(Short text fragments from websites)
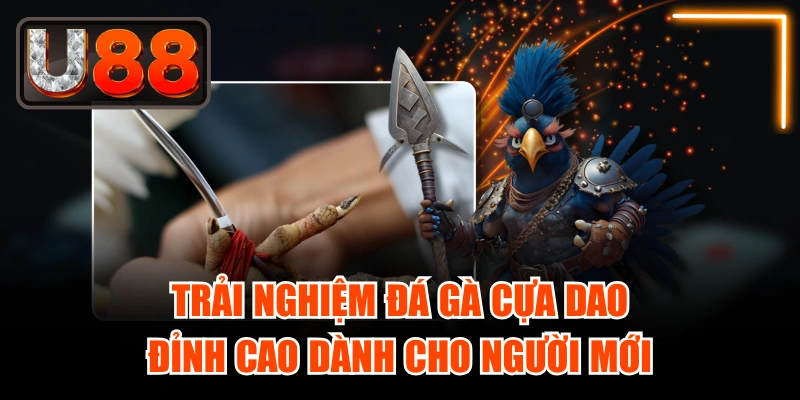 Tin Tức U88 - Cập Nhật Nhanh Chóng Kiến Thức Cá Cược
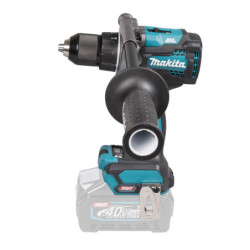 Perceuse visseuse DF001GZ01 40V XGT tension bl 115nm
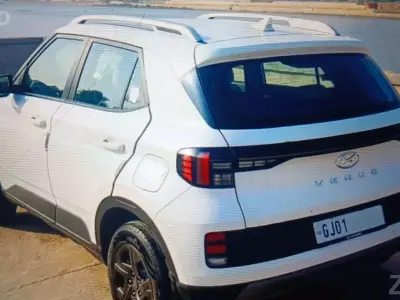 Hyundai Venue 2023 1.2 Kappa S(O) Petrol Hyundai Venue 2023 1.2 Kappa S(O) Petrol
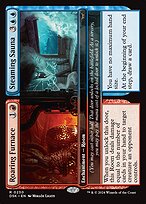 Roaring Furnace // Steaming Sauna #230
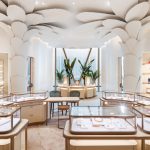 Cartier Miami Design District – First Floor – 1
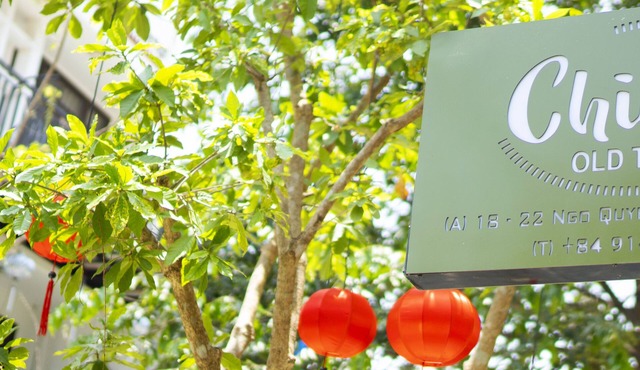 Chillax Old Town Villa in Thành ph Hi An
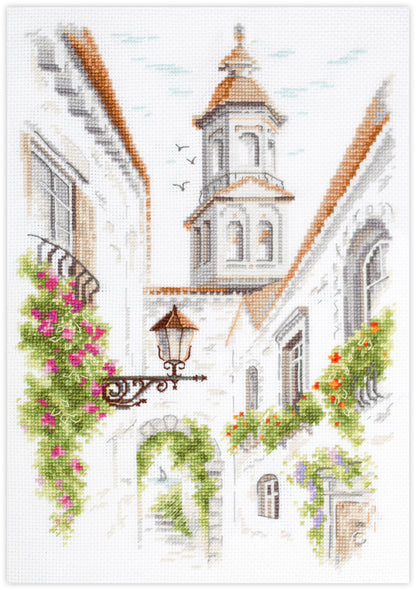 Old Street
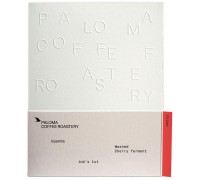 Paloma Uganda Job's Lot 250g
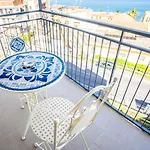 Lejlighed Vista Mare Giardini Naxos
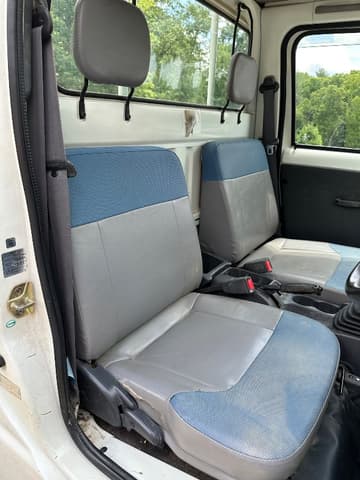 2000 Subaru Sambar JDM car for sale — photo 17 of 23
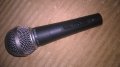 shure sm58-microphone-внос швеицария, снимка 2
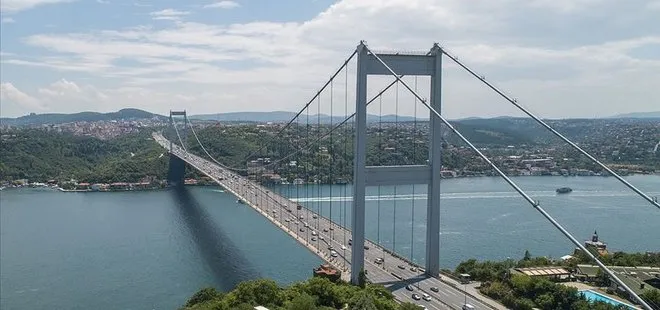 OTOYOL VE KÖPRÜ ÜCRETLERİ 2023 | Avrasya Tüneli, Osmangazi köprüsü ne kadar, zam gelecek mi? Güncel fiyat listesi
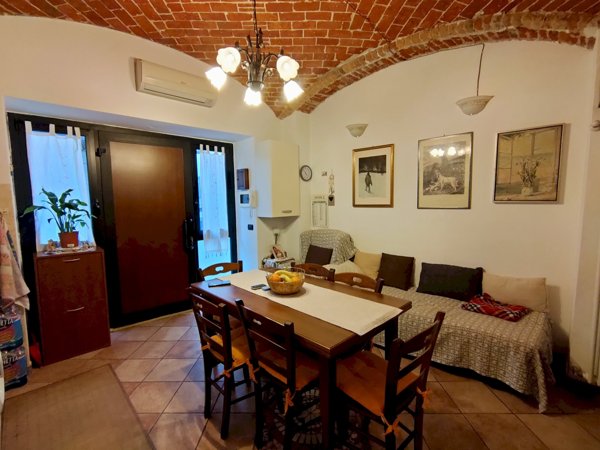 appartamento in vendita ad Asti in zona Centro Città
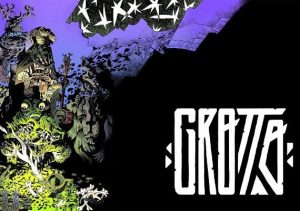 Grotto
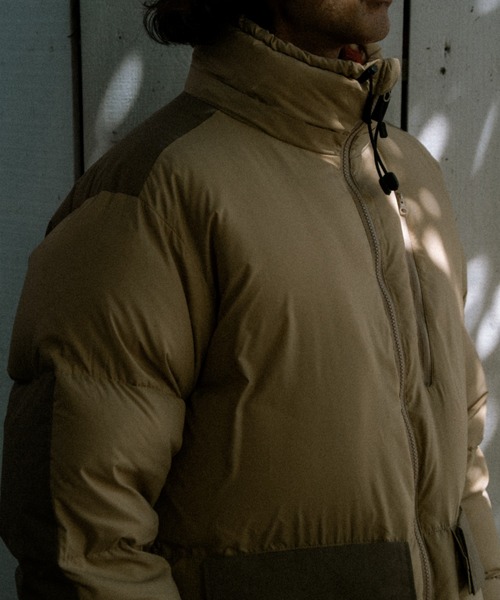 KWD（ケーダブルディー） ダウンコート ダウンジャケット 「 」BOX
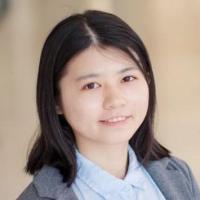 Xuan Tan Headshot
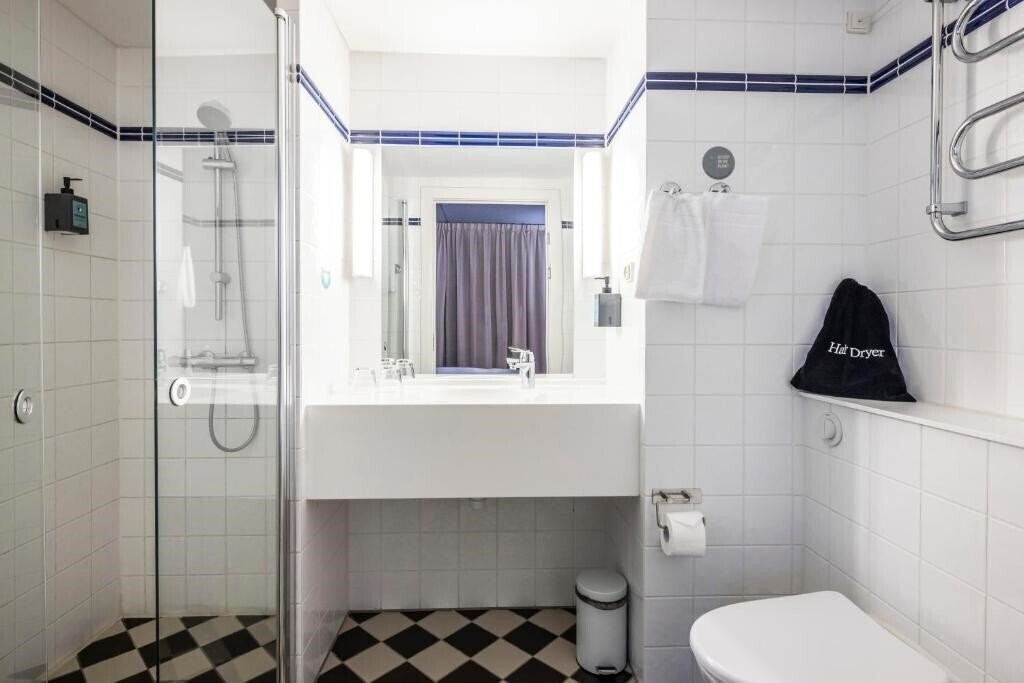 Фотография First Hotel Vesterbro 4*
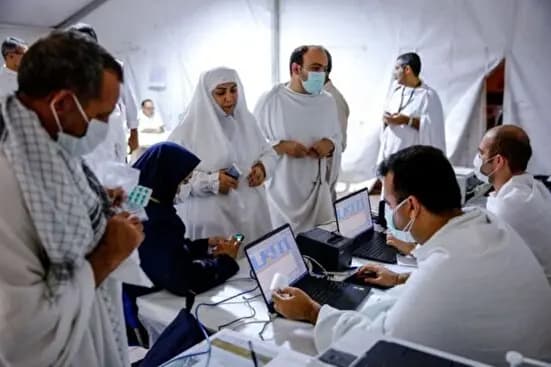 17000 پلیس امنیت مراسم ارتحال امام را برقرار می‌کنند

> [WORK TO BE COMPLETED]:
Type out all the records verbatim, minus images.

> [RESULT]:
 Tin Tức U88 - Cập Nhật Nhanh Chóng Kiến Thức Cá Cược
 Perceuse visseuse DF001GZ01 40V XGT tension bl 115nm
 Hyundai Venue 2023 1.2 Kappa S(O) Petrol Hyundai Venue 2023 1.2 Kappa S(O) Petrol
 Roaring Furnace // Steaming Sauna #230
 Cartier Miami Design District – First Floor – 1
 Chillax Old Town Villa in Thành ph Hi An
 Old Street
 Paloma Uganda Job's Lot 250g
 Lejlighed Vista Mare Giardini Naxos
 2000 Subaru Sambar JDM car for sale — photo 17 of 23
 shure sm58-microphone-внос швеицария, снимка 2
 OTOYOL VE KÖPRÜ ÜCRETLERİ 2023 | Avrasya Tüneli, Osmangazi köprüsü ne kadar, zam gelecek mi? Güncel fiyat listesi
 appartamento in vendita ad Asti in zona Centro Città
 Grotto
 KWD（ケーダブルディー） ダウンコート ダウンジャケット 「 」BOX
 Xuan Tan Headshot
 Фотография First Hotel Vesterbro 4*
 17000 پلیس امنیت مراسم ارتحال امام را برقرار می‌کنند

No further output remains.